Colleagues Recall Chief Justice's Early Days
His skills as a litigator still serve him on the court.
Still, sometimes Roberts' self-assurance backfired. On behalf of a private client in a 1998 Federal Credit Union Act case, Roberts was quick to respond to a question that had been posed earlier by Justice Anthony Kennedy to then-solicitor general Seth Waxman. "First of all, that's beside the point," Roberts said. Kennedy defended his point, and Roberts lost Kennedy's vote and the case, 5-4. Roberts' statement "might have been worded more artfully to have avoided alienating the justice," David Frederick wrote in his 2003 book Supreme Court and Appellate Advocacy.
Roberts learned from his missteps. He told this reporter in 2000, "Impassioned rhetoric doesn't work with the Supreme Court. If it did, I'd become impassioned."

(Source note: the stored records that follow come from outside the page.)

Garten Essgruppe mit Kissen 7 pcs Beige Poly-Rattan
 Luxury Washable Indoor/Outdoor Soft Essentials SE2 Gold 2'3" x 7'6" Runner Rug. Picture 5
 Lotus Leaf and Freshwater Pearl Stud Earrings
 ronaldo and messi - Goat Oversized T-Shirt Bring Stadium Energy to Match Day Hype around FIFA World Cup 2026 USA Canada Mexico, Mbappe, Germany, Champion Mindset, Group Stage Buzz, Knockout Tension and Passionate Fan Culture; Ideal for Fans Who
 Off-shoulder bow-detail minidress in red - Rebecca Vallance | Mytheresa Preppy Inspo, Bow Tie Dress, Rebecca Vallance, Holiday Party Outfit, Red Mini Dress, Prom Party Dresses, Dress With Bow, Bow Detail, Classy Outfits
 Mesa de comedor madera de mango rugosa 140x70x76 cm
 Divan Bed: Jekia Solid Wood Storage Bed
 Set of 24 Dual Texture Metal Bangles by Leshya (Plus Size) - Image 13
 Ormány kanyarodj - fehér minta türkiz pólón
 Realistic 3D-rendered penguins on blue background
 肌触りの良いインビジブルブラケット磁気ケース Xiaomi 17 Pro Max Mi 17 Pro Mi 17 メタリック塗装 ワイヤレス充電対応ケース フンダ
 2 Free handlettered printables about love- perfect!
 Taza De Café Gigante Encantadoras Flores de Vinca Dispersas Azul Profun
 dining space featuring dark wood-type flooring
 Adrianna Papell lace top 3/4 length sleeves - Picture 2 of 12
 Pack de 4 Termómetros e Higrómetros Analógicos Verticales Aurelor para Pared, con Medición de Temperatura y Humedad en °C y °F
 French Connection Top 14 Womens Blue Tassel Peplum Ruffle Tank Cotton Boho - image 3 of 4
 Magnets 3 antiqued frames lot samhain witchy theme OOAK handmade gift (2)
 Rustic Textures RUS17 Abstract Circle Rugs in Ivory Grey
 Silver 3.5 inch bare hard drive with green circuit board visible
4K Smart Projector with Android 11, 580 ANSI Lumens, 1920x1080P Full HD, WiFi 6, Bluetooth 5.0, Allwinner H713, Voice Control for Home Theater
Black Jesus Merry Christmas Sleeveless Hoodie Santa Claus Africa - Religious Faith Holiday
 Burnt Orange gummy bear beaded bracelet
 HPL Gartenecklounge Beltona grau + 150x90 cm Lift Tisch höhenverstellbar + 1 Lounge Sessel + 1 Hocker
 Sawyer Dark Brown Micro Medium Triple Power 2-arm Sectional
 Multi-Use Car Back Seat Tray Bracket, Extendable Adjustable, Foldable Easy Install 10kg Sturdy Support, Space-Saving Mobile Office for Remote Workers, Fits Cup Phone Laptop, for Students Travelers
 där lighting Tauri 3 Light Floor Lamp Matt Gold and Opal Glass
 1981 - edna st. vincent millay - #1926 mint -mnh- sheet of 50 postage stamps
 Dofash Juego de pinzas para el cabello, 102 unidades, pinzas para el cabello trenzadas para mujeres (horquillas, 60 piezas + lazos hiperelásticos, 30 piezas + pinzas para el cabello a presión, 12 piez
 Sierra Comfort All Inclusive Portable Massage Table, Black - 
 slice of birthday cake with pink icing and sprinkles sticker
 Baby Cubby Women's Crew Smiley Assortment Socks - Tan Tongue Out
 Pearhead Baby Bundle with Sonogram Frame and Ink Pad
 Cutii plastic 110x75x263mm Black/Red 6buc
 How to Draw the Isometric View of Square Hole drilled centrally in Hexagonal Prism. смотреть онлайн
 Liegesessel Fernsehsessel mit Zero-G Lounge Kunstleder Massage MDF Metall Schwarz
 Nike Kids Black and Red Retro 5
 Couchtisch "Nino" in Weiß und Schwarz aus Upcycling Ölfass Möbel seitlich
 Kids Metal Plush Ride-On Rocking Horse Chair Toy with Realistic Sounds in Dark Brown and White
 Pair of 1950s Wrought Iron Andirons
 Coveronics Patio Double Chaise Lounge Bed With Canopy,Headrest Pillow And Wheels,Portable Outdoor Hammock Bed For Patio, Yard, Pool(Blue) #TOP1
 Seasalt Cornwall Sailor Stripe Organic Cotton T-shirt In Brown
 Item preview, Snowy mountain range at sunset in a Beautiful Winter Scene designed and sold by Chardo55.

Another crucial strategy came into play when he was the second lawyer to approach the lectern. Advocates are advised not to prepare a script for any part of the argument, but Roberts made a special point of not planning what he would say in the role of appellee. He preferred to listen to his adversary and pick up where he or she left off — or more importantly, where the justices left off, to respond appropriately.He carried that strategy to his confirmation hearing in 2005. The Senate Judiciary Committee wanted him to submit his written statement four days before the hearing. He refused, telling the staff, "I don't know what it is going to be, because I am going to be listening to what you say, and I have to react to that."
Roberts left the lectern for good in 2003, moving to the U.S. Court of Appeals for the D.C. Circuit before taking his current post. He said recently, "I miss a little bit the competitive edge. On the court, you don't win or lose a case," though in private practice you do. "That gives you an edge to your work." But Roberts paused and added, "I have no great desire to go back."